Rafters Restaurant Sheffield
I don’t think the people of Sheffield would mind me saying that there seems to be a dearth of good restaurants in Sheffield. Reliable chains such as Strada, Loch Fyne and Cafe Rouge are present and correct but more interesting choices are few and far between. On Friday we took some friends out for a birthday celebration to Rafters Restaurant in Ranmoor. Rafters has been there since 1994, and was taken over by Chefs Marcus Lane and Michael Sabin in 2001. The food is Modern European with a subtle french influence. When I arrived the room was filling up quickly with other diners which is always encouraging to see. The menu we were offered was:
Fritter of soft shell crab with a crab claw & avocado salad, ponzu mayonnaise.
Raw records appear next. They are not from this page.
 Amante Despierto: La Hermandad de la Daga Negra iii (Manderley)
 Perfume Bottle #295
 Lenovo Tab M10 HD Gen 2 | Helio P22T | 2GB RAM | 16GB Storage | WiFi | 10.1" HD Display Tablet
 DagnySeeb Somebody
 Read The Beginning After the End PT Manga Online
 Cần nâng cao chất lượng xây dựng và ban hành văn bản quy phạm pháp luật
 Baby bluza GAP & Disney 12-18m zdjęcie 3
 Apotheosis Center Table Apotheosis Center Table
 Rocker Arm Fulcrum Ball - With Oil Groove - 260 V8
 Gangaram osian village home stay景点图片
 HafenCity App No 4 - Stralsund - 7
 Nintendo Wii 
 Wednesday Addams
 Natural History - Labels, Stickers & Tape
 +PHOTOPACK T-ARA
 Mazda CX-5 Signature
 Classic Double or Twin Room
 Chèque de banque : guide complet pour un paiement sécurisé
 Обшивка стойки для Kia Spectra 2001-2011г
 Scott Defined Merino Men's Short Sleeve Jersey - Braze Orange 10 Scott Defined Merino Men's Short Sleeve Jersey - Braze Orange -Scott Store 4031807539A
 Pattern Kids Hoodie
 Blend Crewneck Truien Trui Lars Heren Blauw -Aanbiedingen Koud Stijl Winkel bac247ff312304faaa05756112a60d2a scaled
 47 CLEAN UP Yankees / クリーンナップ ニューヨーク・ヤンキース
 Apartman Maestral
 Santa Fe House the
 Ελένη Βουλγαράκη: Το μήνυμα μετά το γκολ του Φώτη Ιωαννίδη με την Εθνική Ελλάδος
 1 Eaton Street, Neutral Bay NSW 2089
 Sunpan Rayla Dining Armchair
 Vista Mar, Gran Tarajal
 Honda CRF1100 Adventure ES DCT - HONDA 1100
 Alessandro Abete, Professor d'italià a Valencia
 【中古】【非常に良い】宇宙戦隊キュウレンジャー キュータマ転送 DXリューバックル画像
Ploughman’s: warm goats cheese, ham hock, onion marmalade, piccalilli with sage focaccia.
Steamed new season English asparagus with lemon hollandaise, baby brioche & parmesan shavings.
Poached sea trout with confit of Jersey Royals, pickled cauliflower egg & caper dressing.
Home smoked duck breast with a salad of baby kos leaves, smoked feta and a raspberry & walnut dressing.
Roast rump of Derbyshire lamb with a broad bean puree, English asparagus and an almond & parsley sauce.
Fillet of pork wrapped in pancetta with a baby flan of peas and artichokes and a sauce of puy lentils.
Grilled fillet of sea bass on a bed of vine tomatoes & basil with a clam vinegrette.
Chargrilled fillet of Angus beef with a pressed pate of salt beef & green peppercorns, roast shallot and truffle puree with a Shiraz wine reduction.
Tart of summer vegetables glazed with mustard & herbs on whipped potatoes.
Summer pudding with Pimms’ jelly & clotted cream sauce.
Strawberry parfait, strawberry sabayon, strawberry frappe.
Valrhona dark chocolate cone filled with milk chocolate mousse, served with orange sorbet.
Blueberry curd and mascarpone cheesecake with baby waffles and vanilla syrup.
Locally sourced cheeses:
Hunters House (cows milk Brie)Hawes Dairy (Blue Wensleydale) Lancashire creamy farmhouse
Served with an olive, celery, apple and walnut salad.
(Filter, latte, cappuccino and espresso)
And petit fours
We were giving an interesting amuse bouche of smoked haddock with cream cheese in a parmesan basket with what looked like a tempura caper berry. It was very nice indeed. Bread was very interesting, warm rolls stuffed with interesting combinations. I had the rather gross sounding tomato and curry stuffed roll but it was absolutely delicious. I was only sorry that they didn’t come round again!
I had the poached sea trout to start, with the beef to follow. The sea trout sounded rather hearty as a dish and I was slightly worried about being too full for the main but I was a relieved when it arrived as an elegant tower of sea trout supported by a wonderful, slightly tart potato and cauliflower salad. Great start. My companions had the asparagus which looked verdant and fresh and the soft shelled crab which looked fresh and crisp and was portioned perfectly.
The mains of beef were pretty good. The meat felt a little tough for fillet. I thought that the provided steak knife for fillet steak would be overkill but it was actually required to easily cut the meat. It was cooked medium rare as I asked but somehow seemed less than tender. The accompaniment of a pate of salt beef was interesting but in my opinion overbalanced the dish on the meat side. The small (for 4) portion of side vegetables didnt help this matter. The sauce was well flavoured though a bit clarty (good Yorkshire word!) probably a bit of over eagerness with the cornflour. It wasn’t bad though and it was quite nice as a whole.
Dessert was excellent. Again, a well constructed tower of bread, summer berries, clotted cream and a Pimms jelly riding atop. I have to admit, I couldn’t taste the Pimms in the jelly but it was a great idea.
Service was excellent and unhurried, we asked for a digestive interval after the main course and without hovering they seemed to instinctively know when we were ready for dessert.
Rafters is deservedly a favourite amongst discerning diners in Sheffield and its good to see that it has not been swayed by the constant obsession with adding ‘twists’ to classic recipes and instead produces top quality, jolly interesting food.